“Getting out there in the real world, working with clients, working with attorneys, going into the courthouse, seeing that whole experience is just different from a school atmosphere, and I think it was very critical.”
The Valedictorian Who Is an Advocate for Juvenile Offenders
A familiar adage tells us life is short. However, for juvenile offenders sentenced to life without parole, it is very long. And for those lacking a legal advocate or other outside support, it can be hopeless. That is why Concord Law School graduate Tracy Liberatore plans to use her law degree to help people who otherwise would not be able to have legal services.

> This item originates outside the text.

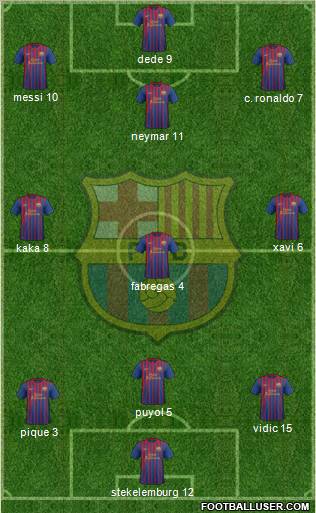 F.C. Barcelona Formation 2011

When Tracy enrolled in Concord Law School, she had been working as a physician assistant for 9 years in Scranton, Pennsylvania, after graduating from Marywood University in 2002.
Law school had always been on her radar, and with her medical background, her goal of doing medical/legal consulting for attorneys was a natural fit. However, after earning an internship with Concord's Legal Education Experience Program (LEEP) with a private criminal attorney as well as the federal public defender's office, her eyes were opened to a different side of law.
"We had a lot of people with immigration issues that would come through that just needed a defense. And the kids that are sitting in jail, and some of them have been sitting there for a while. I mean they're 30, 40, 50 years old. They went to prison at 17; they're never going to get out. They have no one to talk to. This attorney actually will go into the prisons and give them speeches and update them as far as new case law and what's up and coming with the Supreme Court on this issue."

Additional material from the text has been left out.